Many consumers mistakenly believe that once the credit card debt is charged off that they no longer owe the debt. But that is not the case. The charge off is simply an accounting measure. The debt is still owed and very much collectable.

Oftentimes your credit card company may then decide to either hire a debt collection agency to pursue debt collection practices to get you to pay or they may hire a debt collection law firm to pursue the matter on their behalf.

Can Credit Card Companies Sue and Garnish my Wages?

If it's sent to a debt collection law firm, usually they are preparing to file a law suit against you to attempt to get a judgment and then possibly proceed to garnish your wages and/or bank account depending upon your state garnishment laws. Obviously, you should immediately contact an attorney to discuss your options if this should happen to you.

Can Credit Card Companies Sue and Still Settle the Credit Card Debt?

However, even if you are served with papers, you should know that you can still negotiate a debt settlement with your credit card company's attorneys prior to actually going to court. Even if the matter does eventually go to court there could still be hope. You may still be able to negotiate a debt settlement after judgment. Sometimes this can even work to your advantage.

Can Credit Card Companies Sue after Enactment of the Credit Card Act of 2009?

The Credit Card Accountability Responsibility and Disclosure Act of 2009 (the Credit Card Act) was signed into law by President Obama on May 22, 2009. The law was designed to put an end to many of the unfair credit card practices committed by credit card companies.

Here's just a few of your credit rights under the Credit Card Act that you should know about...

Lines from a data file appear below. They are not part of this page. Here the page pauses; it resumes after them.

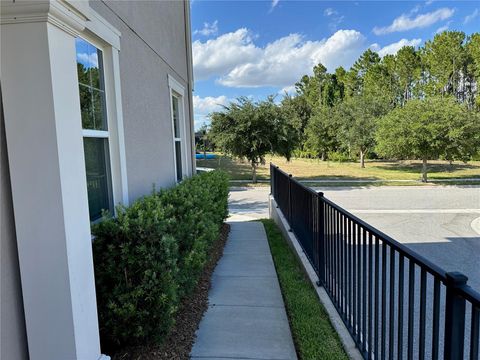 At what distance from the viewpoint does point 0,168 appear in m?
1.72

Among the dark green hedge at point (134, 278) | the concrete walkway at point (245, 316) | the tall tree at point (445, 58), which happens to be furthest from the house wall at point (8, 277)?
the tall tree at point (445, 58)

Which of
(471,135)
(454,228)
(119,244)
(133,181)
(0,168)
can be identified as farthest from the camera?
(471,135)

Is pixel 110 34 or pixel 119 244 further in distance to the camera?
pixel 110 34

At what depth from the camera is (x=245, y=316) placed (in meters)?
3.56

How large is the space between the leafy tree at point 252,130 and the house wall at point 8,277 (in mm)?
16509

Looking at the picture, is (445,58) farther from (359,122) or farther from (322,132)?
(359,122)

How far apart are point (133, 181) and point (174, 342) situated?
185cm

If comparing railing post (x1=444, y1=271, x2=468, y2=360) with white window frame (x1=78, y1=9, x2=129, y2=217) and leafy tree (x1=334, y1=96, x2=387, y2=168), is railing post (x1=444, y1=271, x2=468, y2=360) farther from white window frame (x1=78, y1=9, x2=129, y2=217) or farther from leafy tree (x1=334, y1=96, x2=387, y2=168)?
leafy tree (x1=334, y1=96, x2=387, y2=168)

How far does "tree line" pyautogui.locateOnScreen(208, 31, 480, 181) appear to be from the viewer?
667 inches

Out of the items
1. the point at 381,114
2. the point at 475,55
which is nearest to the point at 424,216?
the point at 381,114

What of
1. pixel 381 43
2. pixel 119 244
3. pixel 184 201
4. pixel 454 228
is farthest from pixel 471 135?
pixel 381 43

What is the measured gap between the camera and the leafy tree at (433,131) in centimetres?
1645

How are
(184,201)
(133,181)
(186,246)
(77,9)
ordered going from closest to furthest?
(77,9) < (186,246) < (184,201) < (133,181)

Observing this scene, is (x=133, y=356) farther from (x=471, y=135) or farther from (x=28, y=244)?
(x=471, y=135) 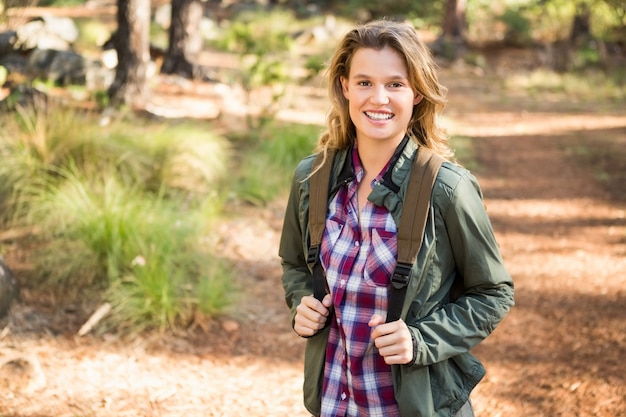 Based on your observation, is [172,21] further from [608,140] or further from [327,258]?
[327,258]

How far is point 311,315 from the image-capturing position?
207 cm

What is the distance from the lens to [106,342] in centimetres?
456

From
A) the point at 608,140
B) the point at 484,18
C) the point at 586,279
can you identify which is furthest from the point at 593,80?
the point at 586,279

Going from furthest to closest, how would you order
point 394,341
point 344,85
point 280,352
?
point 280,352 → point 344,85 → point 394,341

  • Credit card companies cannot charge you an over-limit fee unless you consent to allowing over-limit transactions prior to the fees being charged. If you agree to accept over-limit transactions, only one over-limit fee per billing cycle is permitted.
  • Card companies may not charge additional fees for accepting payments by mail, phone or online - however, they can charge a fee to expedite a payment.
  • If your due date falls on a weekend or holiday when payments are not accepted, your credit card company cannot charge you a late fee if your payment arrives the next business day. In addition, payments made at a local office or branch must be credited the same day.
  • "Fee harvester" or sub-prime credit card non-penalty fees cannot exceed more than 25% of the credit limit when you open the account.
  • Your credit card company cannot charge a fee of more than $25 unless you were late with a payment in the last six months (in which case you may be charged up to $35); or the credit card company proves that the costs incurred as a result of your late payments justify a higher fee.
  • Credit card companies cannot charge you a late fee greater than your minimum payment. As of August 22, 2010 credit card companies cannot charge you an inactivity fee for not using your card, including fees for not charging a certain amount each month.
  • Also, as of August 22, 2010 your credit card statements must include a minimum payment disclosure that explains how long it will take you to pay off your existing balance as well as the total cost in interest if you only pay the minimum amount due each month.
  • Additionally, your statement must include the monthly payment required, and interest cost, to pay off the existing balance in 3 years. Your credit card company must provide easy online access to the cardholder agreement for your account.
  • Finally, all credit card companies are required to submit card holder agreements to the Federal Reserve, which will act as the central repository. You can locate a copy of your credit card agreement using the Federal Reserve Consumer Credit Card Agreement Search tool.
  • So if your credit card company has violated any of your credit rights under the Credit Card Act of 2009 you may be able to better defend yourself in court should your credit card company sue you.